Okulun kapısından girerken, ilgi görmenin sevinci ile susmuştu. İç çekiyor sakin sakin onu bırakmasını bekliyordu. Mustafa, kucağında taşıdığı hafif ağırlığın varlığını unutmuş, etraftakilerin neden garip garip baktığını anlamaya çalışıyordu. Sonradan sonraya farkına varınca yüzü çarpılmış gibi bir hal almıştı. Şimdi bir anda bıraksa canı yanar bir anda ağlardı, sakince sormaya çalıştı, " İncen mi bebe? " Dedi. Sesindeki rahatsızlığın farkına varan Ege aceleyle yere indi. Farkına varmadan kendi istekleri doğrultusunda hareket etmişti. Çantasını düzeltip ağzının içinden, " Teşekkür ederim. " Tarzı şeyler mırıldanıp hızlı hızlı okula girdi. Mustafa da her zaman oturduğu banka kuruldu. Okula gelmeyi hep severdi, hatta içmekten yürüyecek hali olmasa bile gelmişti okula. Okuldan ayrıldıktan sonra da orda burda sürtüp küçük işler yaparak anca karnını doyuruyordu.
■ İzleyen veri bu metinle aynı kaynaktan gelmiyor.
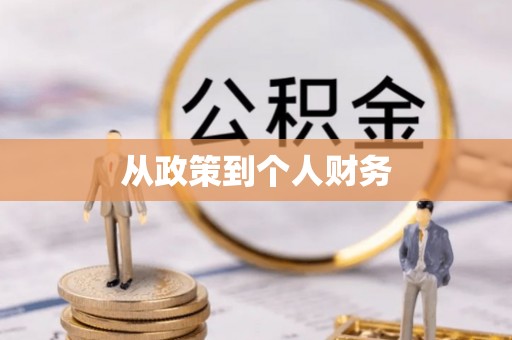 中站从政策到个人财务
2 haftadan beri, yediği yemeğin kırıntılarına çöken çocuk vardı tabi birde. Onun yavaş yavaş birşeyler yemesi, sessiz sessiz yanında oturması bile oldukça normal hissettiriyordu. Ege, dinginlik ve sakinlik yayan bir auraya sahipti, ya da sadece Mustafa'ya öyle geliyordu. Bazı insanlarla susmak bile huzur verebiliyordu.

Aklından geçen şeylerle kaşlarını çattı, ' Ne huzur vermesi lan? ' diye de azarladı kendini. Ege verse verse sinir verebilirdi ona. Sinirini unutmaya çalışarak çevresine bakınıp derslerin bitmesini bekledi.

Ege sınıfa girer girmez sırasına oturup, yastık yerine kollarını kullanarak uykuya dalmaya hazırlandı. Çabucak uyudu da çünkü çok yorgun ve üzgündü.

Okul dağılana kadar aynı düzende devam etmişti. Ege artık yeni kararları ile kendine bir yol çizmeye karar vermişti ve buna uyacaktı. Yine her şey aynıydı, değişmesi ise imkansız gibi görünüyordu.

Günün sonunda, dün ile aynı konuma gelmek iki tarafında hiç umrunda değildi. Sonuçta hep gelecekleri durum buydu. Duygular ve zaman her zaman değişir, ama insanlar asla değişmez.